For example, on the track "Take Courage" Bird whistles like a musician, not just some guy walking down the street. I've had the album on a near loop for days, and it's a grower - the more I listen to it, the more I am sure it will probably remain on my essential albums list years from now.īird, who is currently on tour, really expands as an artist on Noble Beast and yet manages to perfect the framework that made him famous and keep his compositional idiosyncrasies that so many fans treasure still interesting, such as his signature whistling.įew artists can get away with as much whistling as Bird spreads throughout this work because it is always appealing and woven in with the music just perfectly. It's almost a sure bet that his newest release, Noble Beast, will go down as one of the finest albums of 2009. Bird's 2007 album Armchair Apocrypha was widely hailed as one of the best albums of that year. You know, when you stay in one place a lot, you think, Man, everything is so fucked up.Andrew Bird has done it again. I’m not so interested in going to places where there’s densely packed humanity. The Southern Hemisphere still fascinates me, the South Pacific. Is there a part of the world you dream of escaping to? I remember a scene with an old man sitting against a tree and he ties a piece of dental floss around the violin string and plays this beautiful melody. There’s no dialogue, only music and song. It follows Gypsies through different countries-India, Spain, Egypt.
ANDREW BIRD NOBLE BEAST FREE MOVIE
Name a movie that made a strong impression on you. There’s a pretty great description of the Division Street bath house in Chicago.

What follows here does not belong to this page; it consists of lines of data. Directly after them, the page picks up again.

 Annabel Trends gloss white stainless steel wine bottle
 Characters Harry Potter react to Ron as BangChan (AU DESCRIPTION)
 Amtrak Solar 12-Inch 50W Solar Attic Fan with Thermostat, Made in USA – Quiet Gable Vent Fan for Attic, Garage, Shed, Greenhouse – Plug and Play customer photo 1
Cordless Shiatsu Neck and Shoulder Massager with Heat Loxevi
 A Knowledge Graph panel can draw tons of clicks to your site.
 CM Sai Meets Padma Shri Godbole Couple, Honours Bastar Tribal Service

What’s the last novel you remember liking? I like books about, like, what was happening everywhere on the planet in the year 1310. I like epics I’m reading this huge book about the Comanches. It centers around archaic subjects, like nineteenth-century science when they were trying to get answers and they were doing it terribly wrong. I try to play more like a tenor player than a violinist. Tenor players like Coleman Hawkins and Lester Young. I was in my early twenties and pretty enamored with small-group swing from the late twenties and thirties-people like Slim and Slam and Charlie Christian, a guitarist. I took the band to New Orleans, and we spent a week recording a record, all around one microphone. And I picked up the guitar a couple of years ago. I had to think, “What if I can’t play anymore? How can I still be musical?” That’s when I started songwriting. I was a fiddling knave, a serf, in one of those not exactly historically accurate Renaissance fairs, and I got bad tendinitis. I had a violent relationship with the violin-it’s caused me a lot of suffering. When did you start picking up other instruments? I was underage and playing in clubs and girls were dancing and I was like, “This is all right!” I was really desperate to find people that I liked and that I had a chance to hang out with. Until I joined it, when it became I don’t know what-a mix of Irish folk music and these kind of prog-rock ska tunes.

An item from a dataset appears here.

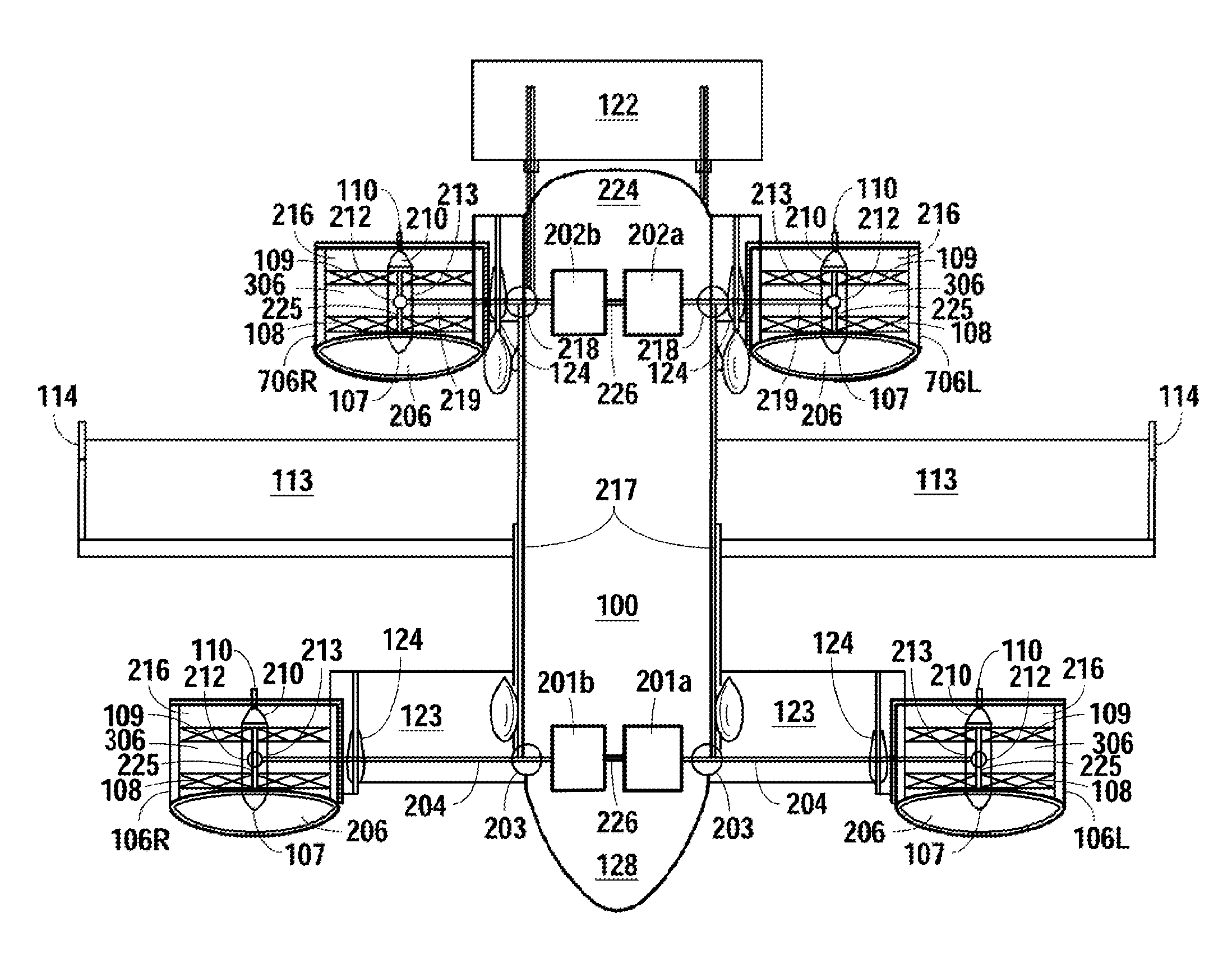 Aircraft with freewheeling engine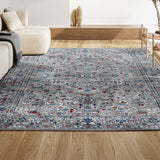 Sierra modern Persian Vintage Medallion Area Rug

But at the end of music school, when I was 19 or 20, I joined a rock band-a punk-ska band. Yeah, it was not a communal, social thing.
I wanted to be a psychiatrist when I was 10, not a musician. She took psychology classes, and I was her study partner. When I was 14, my mom went to grad school for art therapy-my oldest brother is pretty severely autistic, and I think that was her reason for wanting to do that. Audrey Niffenegger, who’s a fairly famous novelist now, was my mother’s teacher, and she did my first couple of record covers. It’s very intuitive-they kind of mold you. There’s no written music, so you don’t access that part of your brain. It’s like the one-room schoolhouse, with everyone from the beginner to the most advanced all in the same room together, all playing the same tunes, and when you don’t know it you drop out. The philosophy is to teach people when they’re young, make it fun, and it’s all by ear. In the seventies, the Suzuki Method was sweeping American suburbs. How old were you when you started playing music? Hugo Lindgren talked with him about his musical roots. This week, he performs with his four-piece band at Carnegie Hall his fifth solo album, Noble Beast, is just out. The born-and-bred Chicagoan is a classically trained violinist who has developed into one of the most distinctive and creative songwriters working today. Carnegie hall isn’t a natural destination for most indie rockers, but it makes perfect sense for Andrew Bird.